DESCRIPTION OF THE TASK
Reproduce exactly the lines below, starting at the line that contains "Mount Hanen and" and ending with the last line of the records, both included; leave out any pictures.

%%

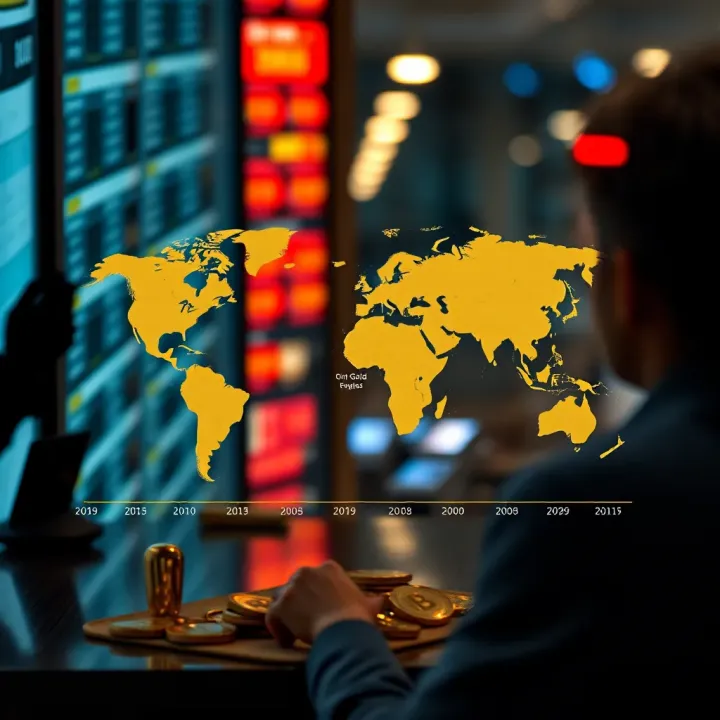 Visual representation of global and Indian market factors impacting gold value over time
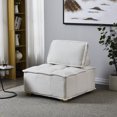 thumbnail image 2 of Lazy sofa ottoman with gold wooden legs teddy fabric (White), 2 of 9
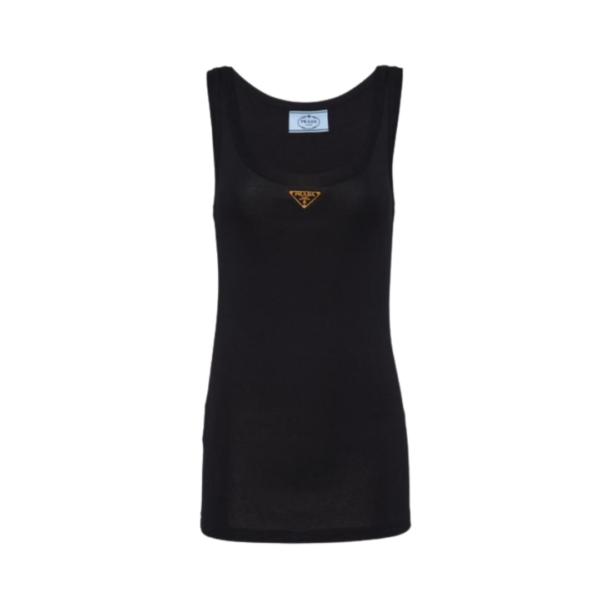 Schwarzes Rippstrick-Jersey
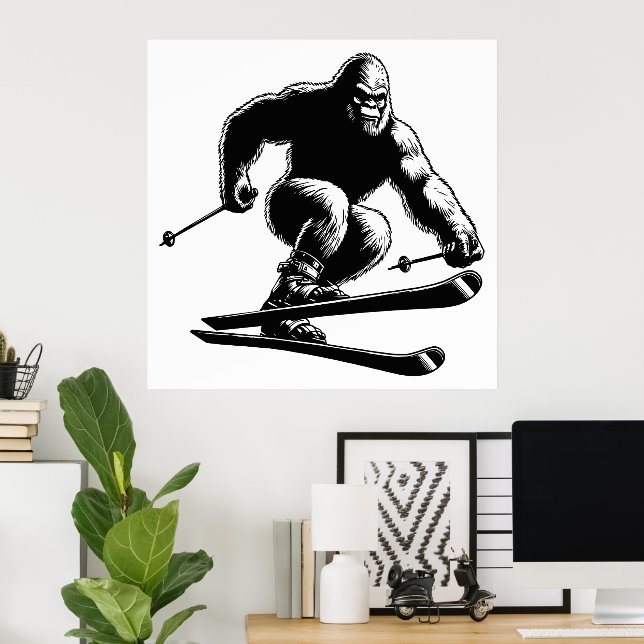 Sasquatch Skiing Poster (Hemmakontoret)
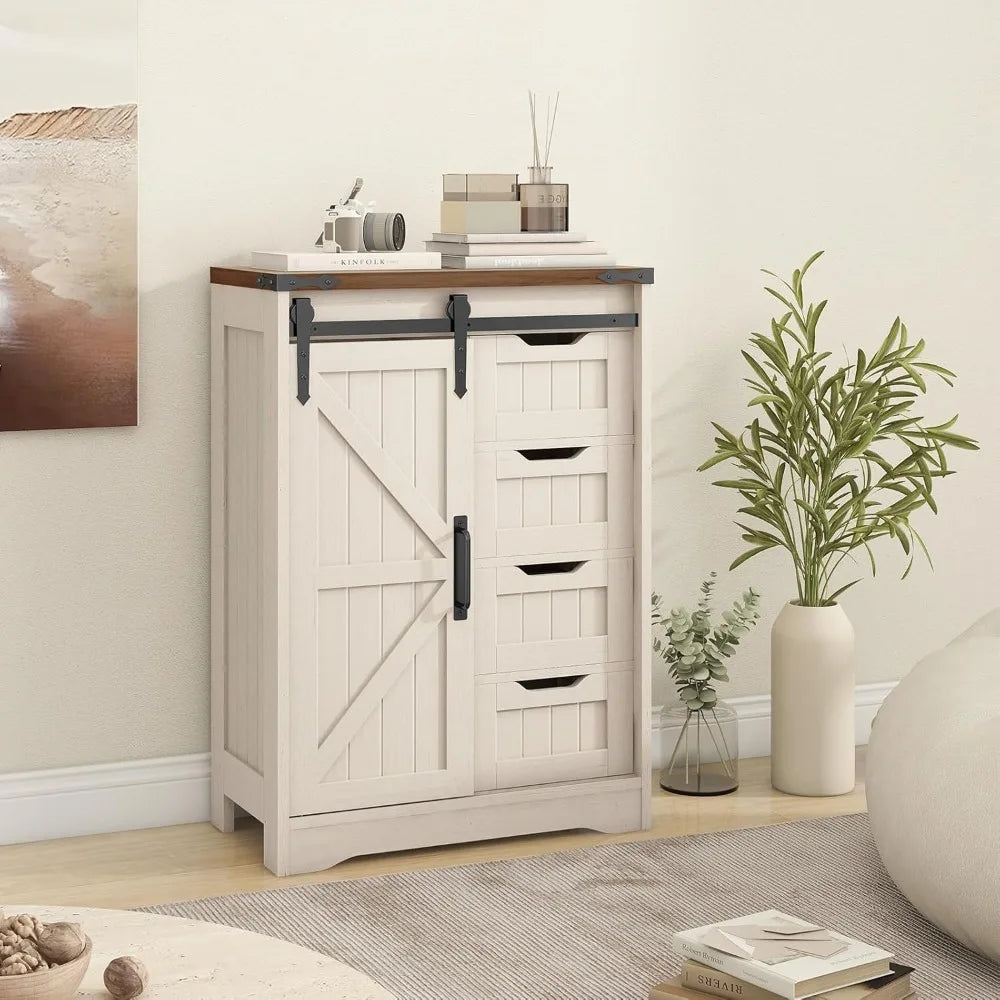 Farmhouse Bathroom Storage Cabinet, Bathroom Cabinet with 4 Drawers and Sliding Door, Farmhouse Floor Storage Organizer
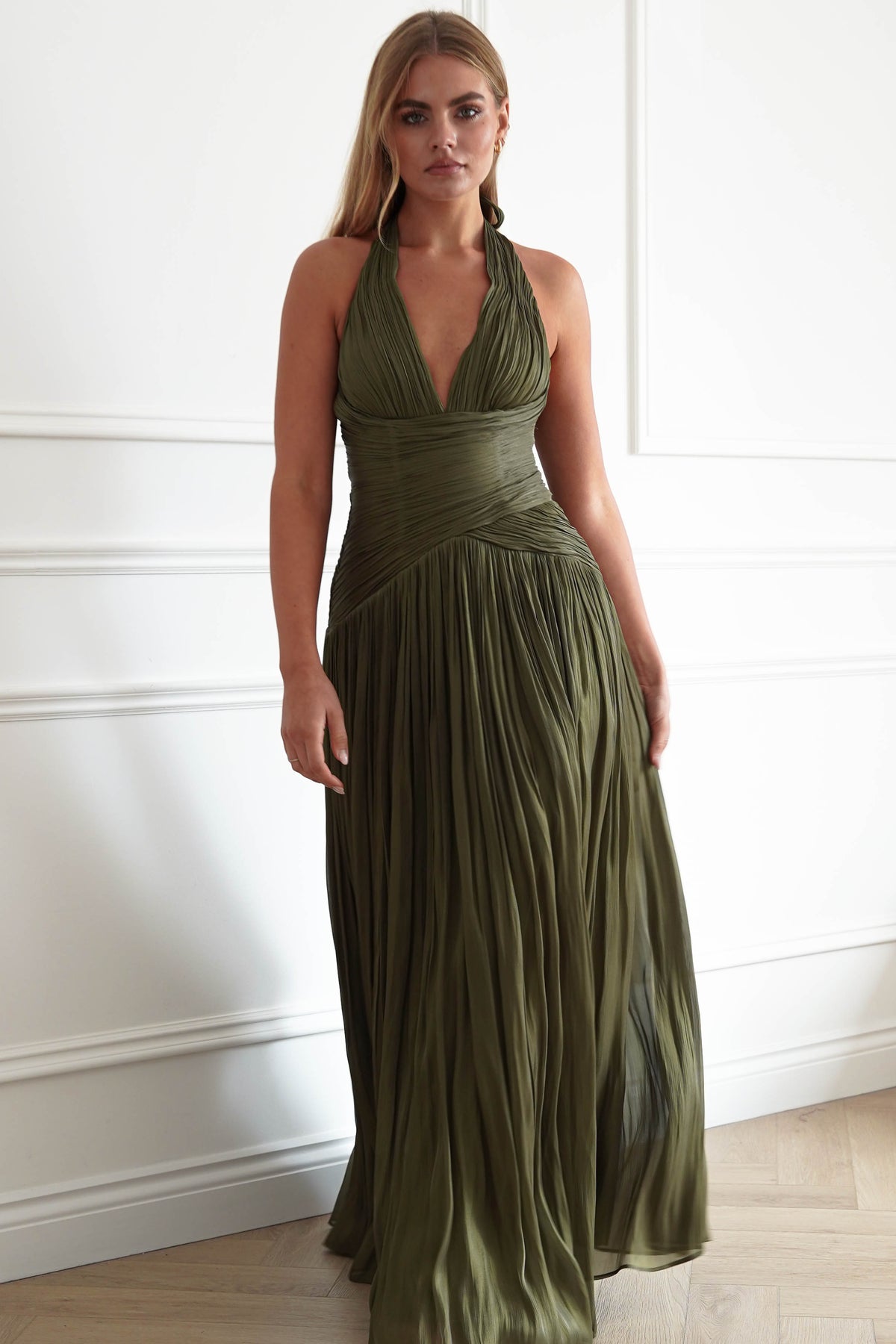 Oh Hello Clothing Dresses > Prom Dresses Sharelle Pleated Luminescent Maxi Gown | Olive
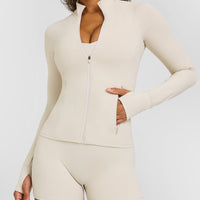 SoftMotion™ Jacket with White Logo | Sand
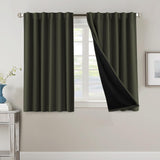 H.VERSAILTEX 100% Blackout Curtains for Bedroom with Black Liner Full Room Darkening Back Tab Rod Pocket 2 Panels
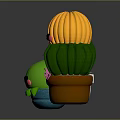 Cute Green And Yellow Cactus Dolls With Smiling Faces And Pink Flowers In Pots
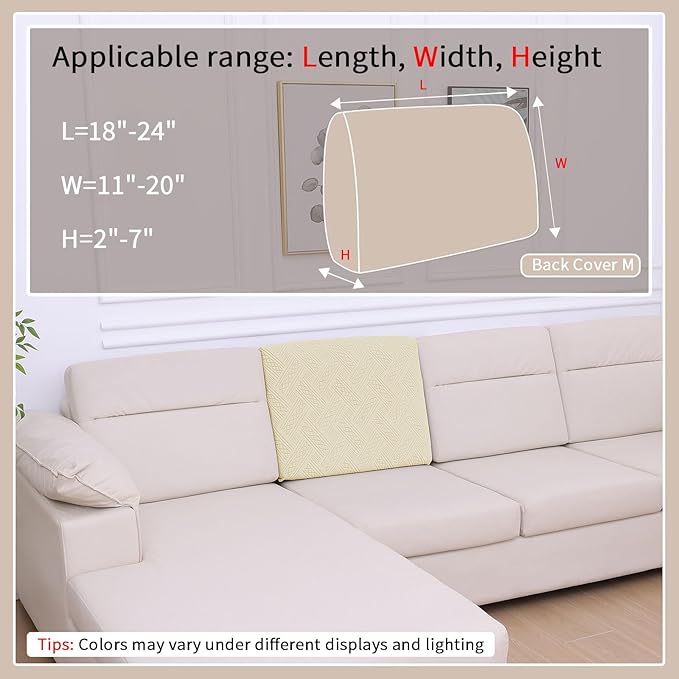 hyha Waterproof Couch Cushion Covers, Waterproof Sectional Couch Covers for Cushion Sofa for Pets, Stretch Sofa Slipcover Washable with Elastic Bottom(Back Cover M, Beige)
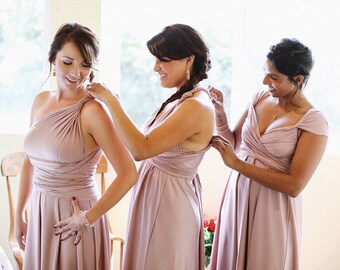 Convertible Multi Way Infinity Dress all palettes, all shapes, all custom size and lengths, blush, champagne, rosewater, slate, nude, putty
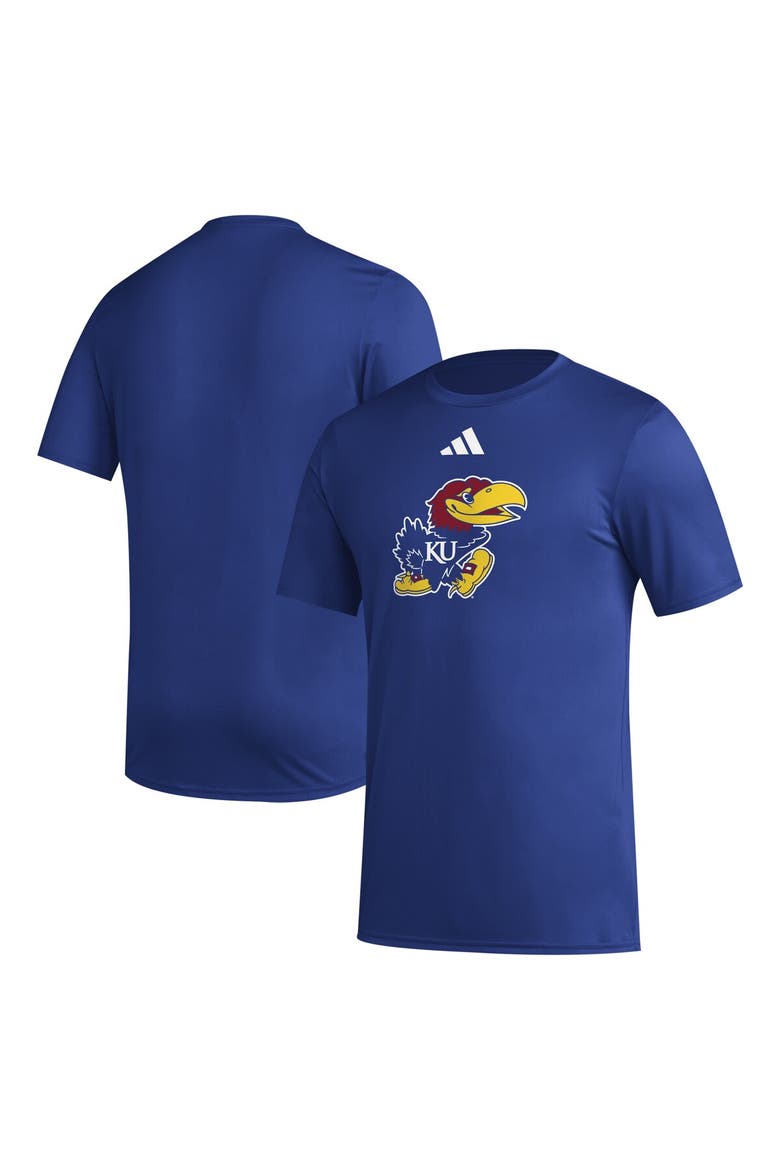 Men's adidas Royal Kansas Jayhawks Primary Locker Logo Pre-Game AEROREADY T-Shirt, Main, color, Royal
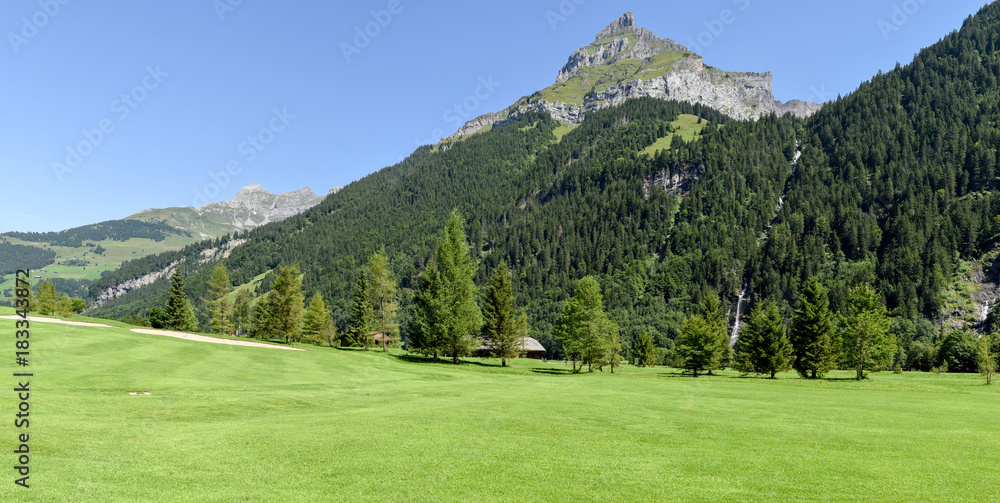 Mount Hanen and golf course at Engelberg on Switzerland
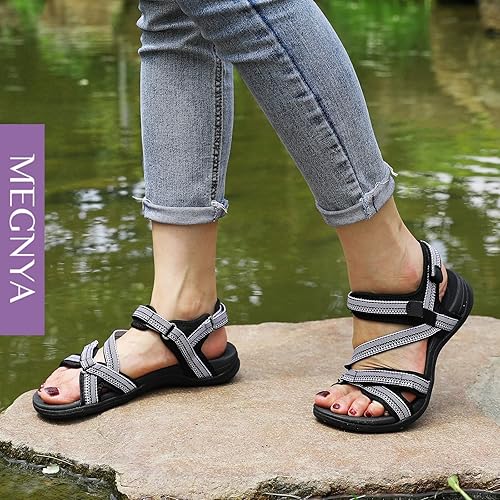 MEGNYA Womens Lightweight Cushion Sandals for Walking, Summer Outside Hiking Sandals with Adjustable Hook and Loop Straps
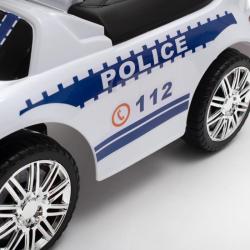 BABY MIX Dětské odrážedlo se zvukem a vodící tyčí POLICE bílé POUZE Bílá (VÝPRODEJ)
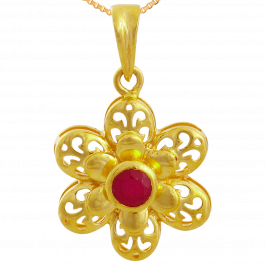 Bejewelled Red Stone Floral Gold Pendant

%%

SOLUTION FOR THIS TASK
 Mount Hanen and golf course at Engelberg on Switzerland
 MEGNYA Womens Lightweight Cushion Sandals for Walking, Summer Outside Hiking Sandals with Adjustable Hook and Loop Straps
 BABY MIX Dětské odrážedlo se zvukem a vodící tyčí POLICE bílé POUZE Bílá (VÝPRODEJ)
 Bejewelled Red Stone Floral Gold Pendant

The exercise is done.